* [Task objective]
The lines to copy run from the one containing "In today's Apple" to the end of the listing. Please write them out exactly, minus the pictures.

Supplied data Block Start

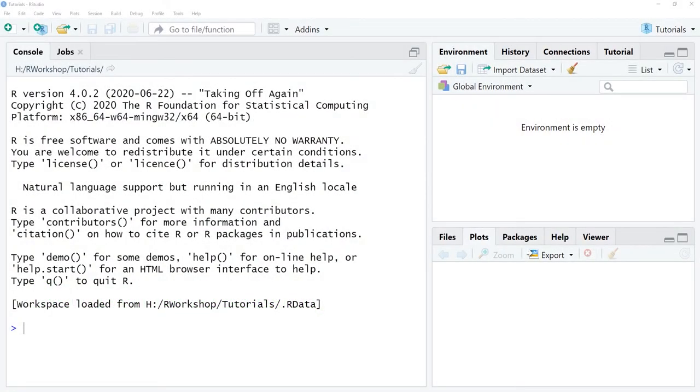In this tutorial we will learn how to remove and add variable names from a data frame object.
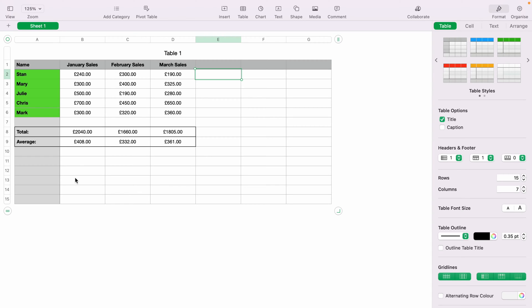In today's Apple Numbers spreadsheet demonstration, I'm going to show you how to add columns into a spreadsheet. Here we have a very basic sales spreadsheet for demonstration purposes.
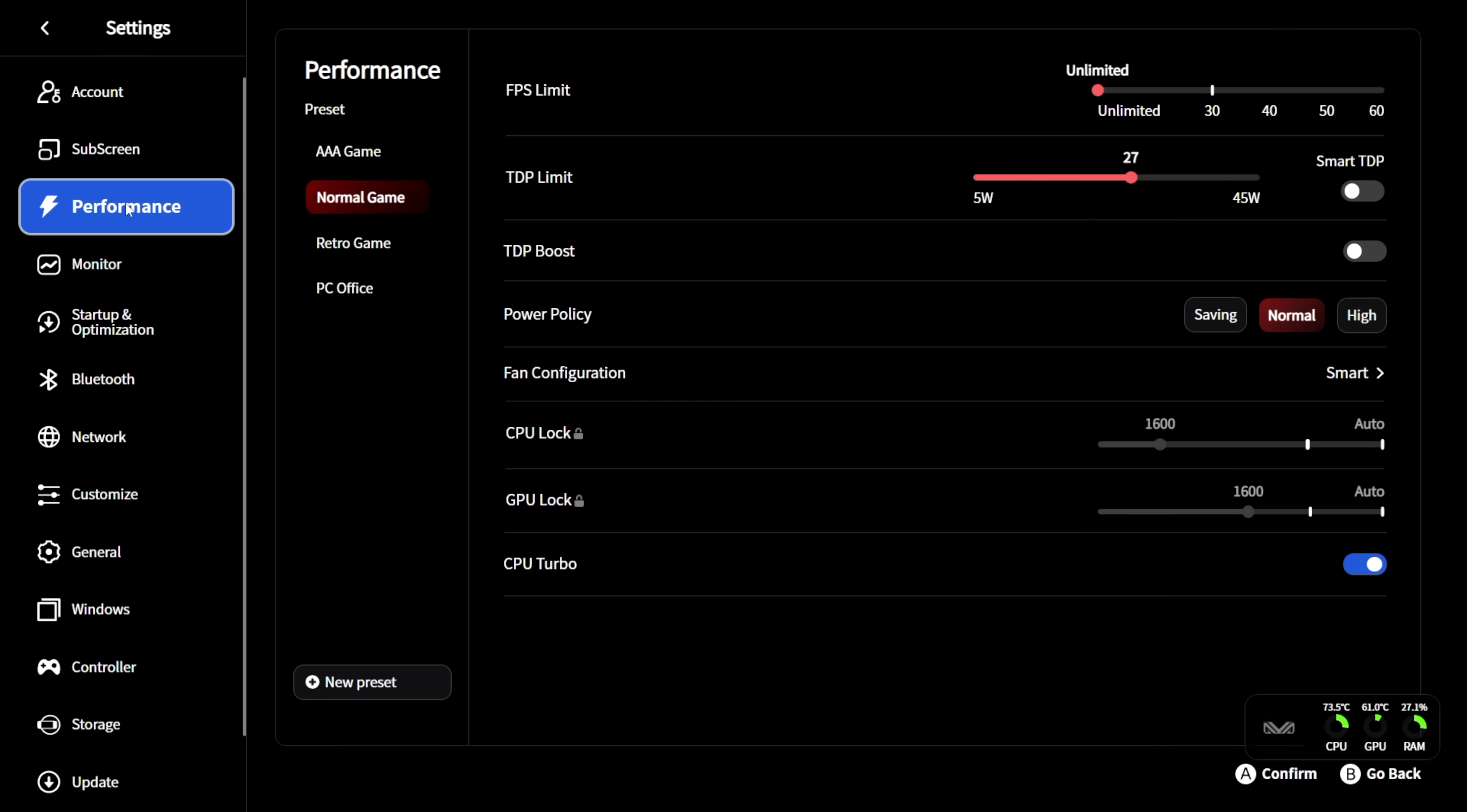Performance, basically the same here. We've got that AAA, normal game, retro game, PC, Office. Or we can set up our own custom preset.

Supplied data Block End

* [Worked solution]
In today's Apple Numbers spreadsheet demonstration, I'm going to show you how to add columns into a spreadsheet. Here we have a very basic sales spreadsheet for demonstration purposes.
Performance, basically the same here. We've got that AAA, normal game, retro game, PC, Office. Or we can set up our own custom preset.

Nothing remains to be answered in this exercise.